Owner: Must be committed to winning and paying whatever it takes. Cannot be camera-shy. Cannot be publicity-shy. Cannot be an over-the-hill crank. Must know football, must be quotable when he lets L.A. sportswriters know how much football he knows.

Glitz/arrogance factor: Must be able to lay it on thick. Must think of itself as the only team that matters. Must have cheerleaders who can cut it in a tough town that has grown to accept the Laker Girls but sent the Raiderettes packing.

Track record: Must know how to get to the Super Bowl and, once there, know how to win it.
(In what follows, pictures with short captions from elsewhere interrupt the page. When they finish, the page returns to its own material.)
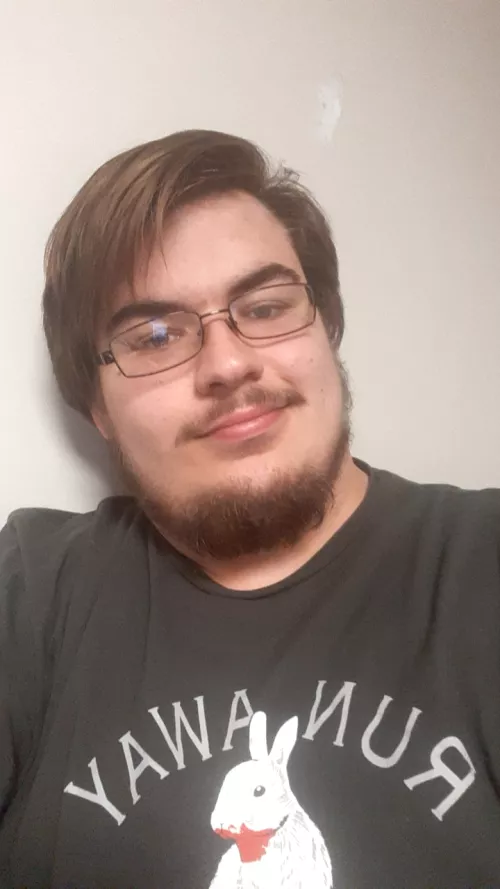 been lurking for awhile. need a hair cut so bad.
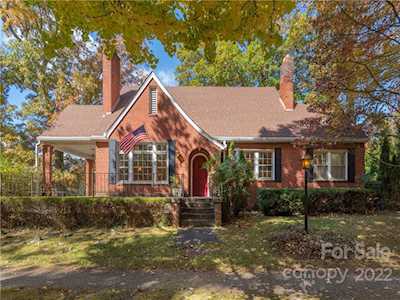909 Sand Hill Rd Asheville, NC 28806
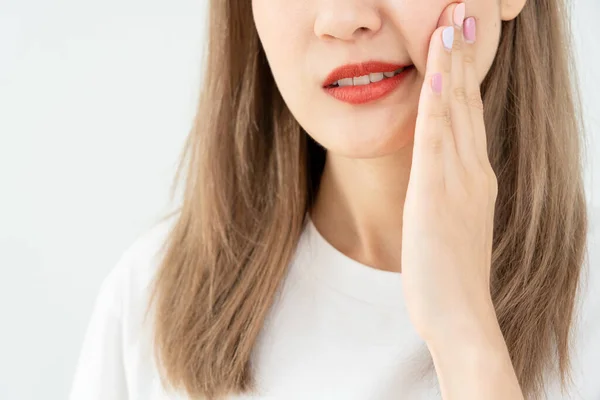 Wanita Asia Merasa Sakit Gigi Dari Gingivitis Perempuan Menderita Gigi — Stok Foto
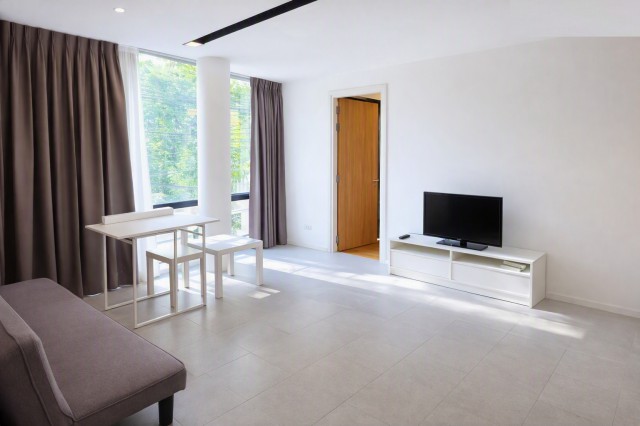 Central Embassy 325 ม.BTSเพลินจิต 320ม. ลด 35% ซอยนายเลิศ คอนโด 1นอน 1น้ำ The Nest Ploenchit ห้องมุม ชั้น2 41ตร.ม.   และโรงพยาบาลบำรุงราษฎร์ 850 ม. ใกล้ปาร์คนายเลิศ ราคาเช่าเพียง 19,999 บาทต่อเดือนCentral Embassy 325m. BTS PhloenChit 320m. 35% Discount Soi NaiLert 1Bed Condo 1Bath at The Nest Ploenchit Corner Unit on the 2nd Floor 41 sq.m.,  Central Embassy325m. and 850 m. from Bumrungrad Hospital, near Nai Lert Park, available for only 19,999 baht per monthซอยนายเลิศ แขวงลุมพินี เขตปทุมวัน กรุงเทพมหานคร41 ตร.ม. 41 sq.m.รายละเอียดอาคารThe Nest Ploenchit คอนโด Low Rise ใจกลางเพลินจิต โครงการส�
And the NFL franchise that best fits Los Angeles' unique set of needs and demands is . . . oh, for the love of Roger Staubach . . . the Dallas Cowboys?

OK, let's try this one more time . . .

CHARGERS 2000: CHASING HISTORY

Last week: Equaled franchise record for worst start to a season, 0-11, first set in 1975.

This week: Host Kansas City. Attempting to become the first NFL team in 14 years to lose its first 12 games of the season.

Chances for success: Good. Chiefs 1-3 since defeating Super Bowl champion Rams, eager to end a three-game losing streak. Chargers again planning to start Ryan Leaf.

Ominous historical footnote: The 1975 Chargers won their 12th game, defeating the Chiefs, 28-20.

Reassuring historical footnote: Unlike the 1975 Chargers, the 2000 Chargers do not start Dan Fouts at quarterback.